Kılıçdaroğlu'nun erken seçim çağrısının ardından MHP'li Erkan Akçay'ın yaptığı açıklamaları değerlendirmesi istenen Öztrak, Cumhur İttifakı'nın ortaklarının sandık talebinin milletten geldiğinin farkında olduğunu söyledi.
"MHP'nin sözcüleri ne zaman böyle sıkışsa hemen hakaret etmeye yöneliyorlar." diyen Öztrak, bu üslubu aynen kendilerine iade ettiklerini belirtti. "Milliyetçi olduğunuzu iddia ediyorsunuz, Uygur Türkleri ile ilgili ne yaptınız" sorusunu yönelten Öztrak, "Buna da cevap vermeyecekler, yine hakaret edecekler." dedi.
"MYK'lerde milletten gelen talepleri dikkatle değerlendiriyoruz
"İhalelerin duyurusu yapılmadan bir firmaya verilmesini nasıl değerlendiriyorsunuz?" sorusuna karşılık Öztrak, Türkiye'nin bir an önce mevcut ihale kanununu değiştirerek saydamlığı, şeffaflığı sağlaması ve hesap verir hale gelmesi gerektiğini belirtti.
AK Parti Grup Başkanvekili Mehmet Muş'un açıklamalarının sorulması üzerine Öztrak, "Ayinesi iştir kişinin lafa bakılmaz.
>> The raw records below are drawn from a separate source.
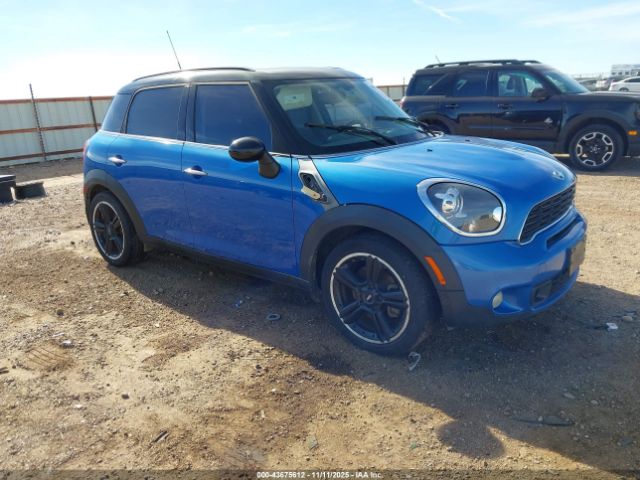 MINI Countryman Cooper S Image 1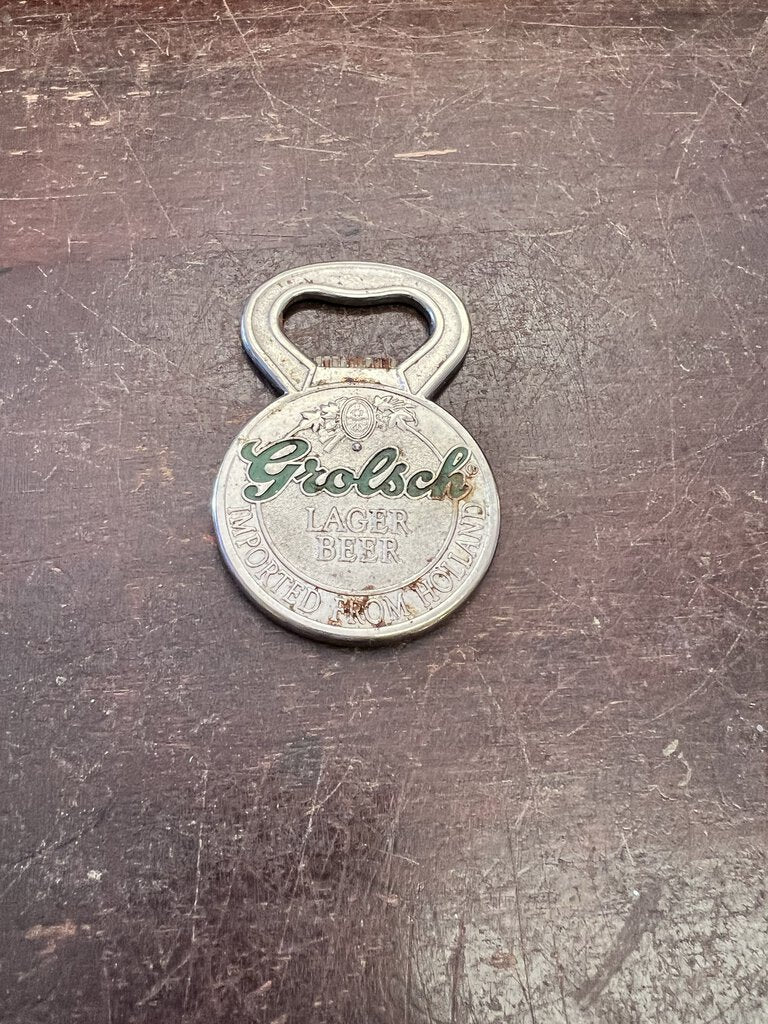 GROLSCH BEER BOTTLE OPENER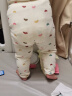 aqpa婴儿内衣套装纯棉衣服秋冬男女宝宝儿童秋衣秋裤（适合20℃左右） 彩虹精灵 110cm 实拍图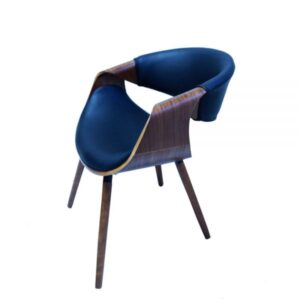 silla con brazos mónaco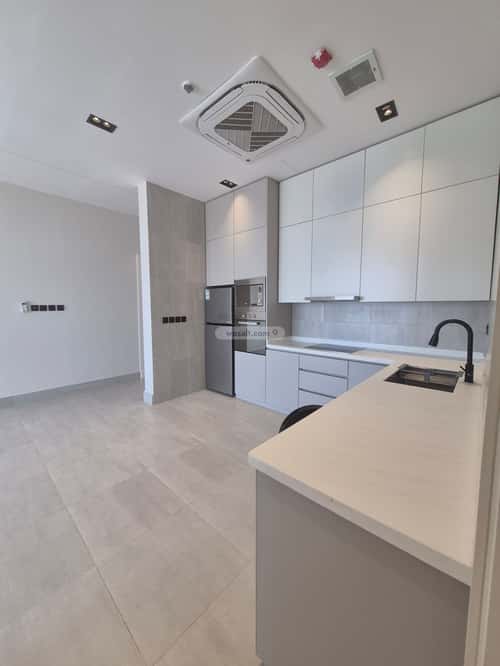 شقة 2 غرف في النرجس 8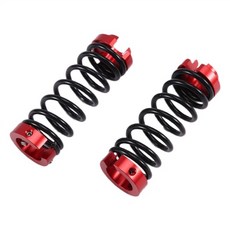 TMAX500 SX 리프트 지지대용 시트 스프링 충격 흡수 장치 스트럿 암 레드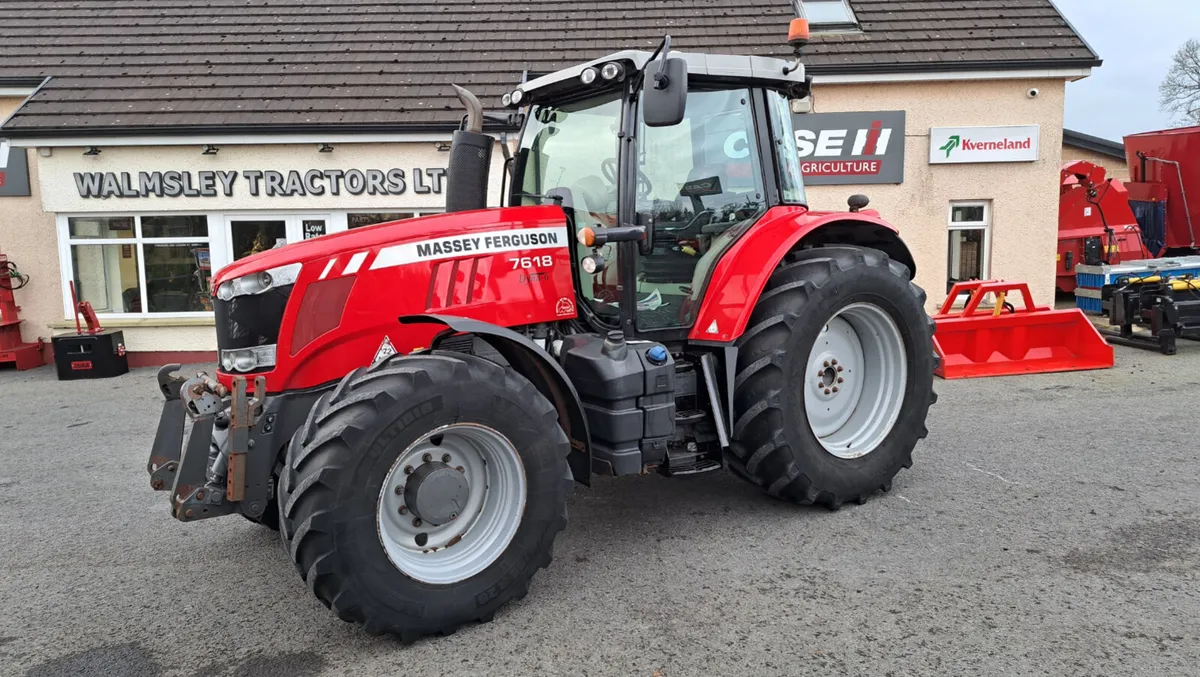 MASSEY FERGUSON 7618 - Image 3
Bu necip millet bunların yönetiminde devletini sokaklardan toplamak zorunda kaldı. Ondan sonra 'Hiçbir dönemde böyle bir iş yapılmadı.' Kim için yapıldı? Cemaat için yapıldı. Cemaatle koalisyon ortaklığı kuruldu. Hüngür hüngür ağlandı ne istediniz de vermedik diye. 'Memlekete dön' dendi. Milletin, ordumuzun harim-i ismetine bunlar sokuldu, kozmik odaya. Şimdi de kalkmışlar 'Biz böyle bir şey yapmadık' diyorlar." yanıtını verdi.
"Erken seçim çağrısı MYK'de görüşüldü mü?" sorusu üzerine Öztrak, MYK'lerde milletten gelen talepleri dikkatle değerlendirdiklerini, seçim talebinin de bunlardan biri olduğunu kaydetti.